1) It would be more flexible to return data.frame instead of kable. I feel that functions returning formatted html object is too restricted to fulfil different presentation needs. e.g. changing colnames, fonts etc. For publications, journals may ask for a different format of tables e.g. .csv, .pdf.

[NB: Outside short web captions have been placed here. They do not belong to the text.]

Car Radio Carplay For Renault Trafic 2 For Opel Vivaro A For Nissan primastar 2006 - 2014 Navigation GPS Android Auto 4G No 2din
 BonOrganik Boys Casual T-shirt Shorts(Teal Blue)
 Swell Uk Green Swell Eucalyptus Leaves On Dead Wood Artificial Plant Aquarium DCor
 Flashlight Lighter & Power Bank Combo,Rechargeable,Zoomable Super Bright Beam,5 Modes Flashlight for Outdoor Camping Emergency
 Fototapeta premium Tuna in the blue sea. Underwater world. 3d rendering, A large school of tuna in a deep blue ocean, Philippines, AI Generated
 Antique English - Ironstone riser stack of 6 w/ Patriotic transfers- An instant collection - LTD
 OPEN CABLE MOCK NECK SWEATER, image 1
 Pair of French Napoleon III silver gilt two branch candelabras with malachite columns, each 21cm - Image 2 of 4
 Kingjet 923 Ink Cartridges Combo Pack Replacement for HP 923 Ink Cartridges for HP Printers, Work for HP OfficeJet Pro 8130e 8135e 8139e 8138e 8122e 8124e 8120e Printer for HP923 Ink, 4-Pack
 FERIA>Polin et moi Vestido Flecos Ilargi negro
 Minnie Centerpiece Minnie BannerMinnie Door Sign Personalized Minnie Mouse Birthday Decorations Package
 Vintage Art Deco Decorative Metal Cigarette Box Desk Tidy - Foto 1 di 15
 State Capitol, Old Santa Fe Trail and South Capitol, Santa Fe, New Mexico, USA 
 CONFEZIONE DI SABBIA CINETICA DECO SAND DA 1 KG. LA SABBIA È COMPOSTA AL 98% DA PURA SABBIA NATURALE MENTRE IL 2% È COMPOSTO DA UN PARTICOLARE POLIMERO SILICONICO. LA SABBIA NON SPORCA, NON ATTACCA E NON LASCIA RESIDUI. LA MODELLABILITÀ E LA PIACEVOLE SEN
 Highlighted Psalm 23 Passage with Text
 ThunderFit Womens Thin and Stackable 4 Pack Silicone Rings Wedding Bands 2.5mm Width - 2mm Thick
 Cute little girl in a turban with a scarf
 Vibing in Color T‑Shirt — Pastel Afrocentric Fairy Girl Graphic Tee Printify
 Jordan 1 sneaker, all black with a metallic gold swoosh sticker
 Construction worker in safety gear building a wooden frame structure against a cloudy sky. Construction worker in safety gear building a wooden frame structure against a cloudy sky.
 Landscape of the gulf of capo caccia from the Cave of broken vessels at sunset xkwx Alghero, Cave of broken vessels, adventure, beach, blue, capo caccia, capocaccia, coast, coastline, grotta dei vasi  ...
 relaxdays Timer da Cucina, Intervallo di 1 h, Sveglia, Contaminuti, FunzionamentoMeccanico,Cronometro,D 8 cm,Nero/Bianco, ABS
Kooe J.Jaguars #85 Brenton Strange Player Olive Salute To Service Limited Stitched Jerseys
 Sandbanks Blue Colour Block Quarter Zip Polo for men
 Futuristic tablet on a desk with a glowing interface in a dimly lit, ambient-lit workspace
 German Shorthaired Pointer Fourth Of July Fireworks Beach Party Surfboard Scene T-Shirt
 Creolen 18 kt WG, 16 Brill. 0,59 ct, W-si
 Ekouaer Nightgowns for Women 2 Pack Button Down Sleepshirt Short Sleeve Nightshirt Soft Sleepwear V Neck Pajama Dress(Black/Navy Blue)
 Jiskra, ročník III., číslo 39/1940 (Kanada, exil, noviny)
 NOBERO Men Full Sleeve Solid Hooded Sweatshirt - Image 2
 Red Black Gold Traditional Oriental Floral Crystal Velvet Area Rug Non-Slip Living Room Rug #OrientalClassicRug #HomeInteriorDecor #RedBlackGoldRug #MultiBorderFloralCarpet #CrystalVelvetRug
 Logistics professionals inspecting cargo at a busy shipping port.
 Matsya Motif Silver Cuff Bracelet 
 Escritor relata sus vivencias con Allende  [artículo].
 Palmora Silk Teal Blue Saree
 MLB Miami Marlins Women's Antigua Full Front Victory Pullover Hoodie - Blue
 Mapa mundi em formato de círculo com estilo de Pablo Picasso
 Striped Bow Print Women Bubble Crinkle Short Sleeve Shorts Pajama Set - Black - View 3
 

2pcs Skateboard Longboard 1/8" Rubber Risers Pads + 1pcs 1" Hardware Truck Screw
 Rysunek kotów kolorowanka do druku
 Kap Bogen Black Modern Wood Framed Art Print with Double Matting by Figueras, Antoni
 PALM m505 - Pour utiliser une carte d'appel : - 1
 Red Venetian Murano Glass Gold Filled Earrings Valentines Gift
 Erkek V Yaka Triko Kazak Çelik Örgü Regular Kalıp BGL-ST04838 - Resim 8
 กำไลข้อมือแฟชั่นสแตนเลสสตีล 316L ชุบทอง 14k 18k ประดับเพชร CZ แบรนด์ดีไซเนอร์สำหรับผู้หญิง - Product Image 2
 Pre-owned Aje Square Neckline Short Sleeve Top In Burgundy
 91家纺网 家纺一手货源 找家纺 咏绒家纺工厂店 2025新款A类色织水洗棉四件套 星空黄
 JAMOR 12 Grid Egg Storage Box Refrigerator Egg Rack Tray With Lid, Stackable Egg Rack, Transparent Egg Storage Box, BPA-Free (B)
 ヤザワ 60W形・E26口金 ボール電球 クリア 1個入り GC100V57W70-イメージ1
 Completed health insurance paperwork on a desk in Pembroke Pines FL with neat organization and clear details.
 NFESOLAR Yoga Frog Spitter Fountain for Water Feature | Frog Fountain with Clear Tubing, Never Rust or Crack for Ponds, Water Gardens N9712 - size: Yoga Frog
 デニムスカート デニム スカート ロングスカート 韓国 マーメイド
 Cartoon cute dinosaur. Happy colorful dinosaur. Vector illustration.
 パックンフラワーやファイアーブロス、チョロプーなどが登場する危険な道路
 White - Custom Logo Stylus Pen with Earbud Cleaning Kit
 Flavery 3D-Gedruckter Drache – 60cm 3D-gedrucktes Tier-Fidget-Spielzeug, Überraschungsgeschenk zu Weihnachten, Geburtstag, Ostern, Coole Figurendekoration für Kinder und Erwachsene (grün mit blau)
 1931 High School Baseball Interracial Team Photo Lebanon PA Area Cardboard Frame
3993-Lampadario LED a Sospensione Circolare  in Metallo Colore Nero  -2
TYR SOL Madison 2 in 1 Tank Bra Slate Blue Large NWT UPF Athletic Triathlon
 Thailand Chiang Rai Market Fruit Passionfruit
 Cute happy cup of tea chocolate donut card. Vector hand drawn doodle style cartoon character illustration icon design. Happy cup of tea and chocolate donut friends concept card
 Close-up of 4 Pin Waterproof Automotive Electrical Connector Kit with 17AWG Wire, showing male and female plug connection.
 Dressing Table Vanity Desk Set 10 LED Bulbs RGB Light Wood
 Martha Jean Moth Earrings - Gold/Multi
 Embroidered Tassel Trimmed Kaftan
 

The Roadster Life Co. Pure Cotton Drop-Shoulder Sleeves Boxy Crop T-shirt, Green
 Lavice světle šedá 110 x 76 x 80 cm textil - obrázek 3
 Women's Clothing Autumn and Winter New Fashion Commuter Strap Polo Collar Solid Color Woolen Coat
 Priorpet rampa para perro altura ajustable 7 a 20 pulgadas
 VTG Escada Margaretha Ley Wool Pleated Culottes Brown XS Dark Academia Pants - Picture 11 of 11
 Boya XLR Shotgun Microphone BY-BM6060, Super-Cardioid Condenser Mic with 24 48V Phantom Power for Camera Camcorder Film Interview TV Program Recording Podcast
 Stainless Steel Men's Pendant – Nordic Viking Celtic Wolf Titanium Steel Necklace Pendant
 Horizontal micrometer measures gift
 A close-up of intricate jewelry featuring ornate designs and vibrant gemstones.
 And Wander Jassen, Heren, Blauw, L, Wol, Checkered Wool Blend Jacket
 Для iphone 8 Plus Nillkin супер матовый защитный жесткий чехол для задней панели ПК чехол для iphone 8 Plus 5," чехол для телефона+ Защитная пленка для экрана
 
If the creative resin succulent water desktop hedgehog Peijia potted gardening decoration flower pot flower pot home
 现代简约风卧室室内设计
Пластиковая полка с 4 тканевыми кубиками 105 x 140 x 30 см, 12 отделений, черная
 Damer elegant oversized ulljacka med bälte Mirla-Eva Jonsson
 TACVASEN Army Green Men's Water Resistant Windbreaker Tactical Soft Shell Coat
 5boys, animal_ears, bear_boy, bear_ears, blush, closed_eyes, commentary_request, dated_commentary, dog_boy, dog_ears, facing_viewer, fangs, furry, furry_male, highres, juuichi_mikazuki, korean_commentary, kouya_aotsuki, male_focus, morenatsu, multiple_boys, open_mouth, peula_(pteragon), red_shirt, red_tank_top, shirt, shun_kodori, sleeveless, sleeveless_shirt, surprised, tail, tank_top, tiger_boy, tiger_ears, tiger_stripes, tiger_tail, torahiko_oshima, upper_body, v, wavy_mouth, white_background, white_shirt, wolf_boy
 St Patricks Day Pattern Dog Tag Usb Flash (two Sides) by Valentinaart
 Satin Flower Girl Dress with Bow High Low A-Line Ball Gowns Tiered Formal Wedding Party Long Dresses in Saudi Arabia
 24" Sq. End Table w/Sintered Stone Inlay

So it will be more usable and flexible to return a data.frame object instead, and users can decide what packages to use to present the table in RMD as needed.

2) Would the logic be cleaner of we keep all criteria as exclusion criteria? For example "Inl. 1 Valid OHIP" could be modified to "Excl. 1 Invalid OHIP". So the data elimination steps follow a consistent logic.

shijiaSMH commented 4 months ago
  1. sounds right - data.frame or data.table would work
  2. I think it's decided out of the function (or it's just me)? What usually happened to me was trying to stick w whatever inc/exc mentioned in protocol, hoping to better resonate w PIs. However, I see ur point of pure exclusion makes things clearer
loffleraSMH commented 4 months ago
  1. Yep, sounds good - I changed the example code to remove the printing
  2. Yes, I think it's good to have some flexibility with that. Right now, the function assumes that everything is an inclusion step by default (everything with "^ex" in the short name is interpreted as a removal and the % changes is shown as -X%, but users can easily skip this by not providing any short names/provide short names that are all interpreted as inclusion steps). We could change the default to interpret everything as an exclusion instead (but then maybe the current use of -X% for exclusion steps probably doesn't make sense...). Let's discuss at the refinement meeting?
gemini-wenb commented 4 months ago

re: 2. Yes, as long as we provide users the flexibility to present the steps in different ways (all inclusion steps, all exclusion steps, or mix of inclusion and exclusion steps). There are pros and cons in any approach and the most suitable approach would be case dependent. e.g. when there are 10 steps and when we stratify this by hospitals, having a mix of inclusion and exclusion, where the % is presented as positive X% and negative -X% , can introduce confusion/complexity.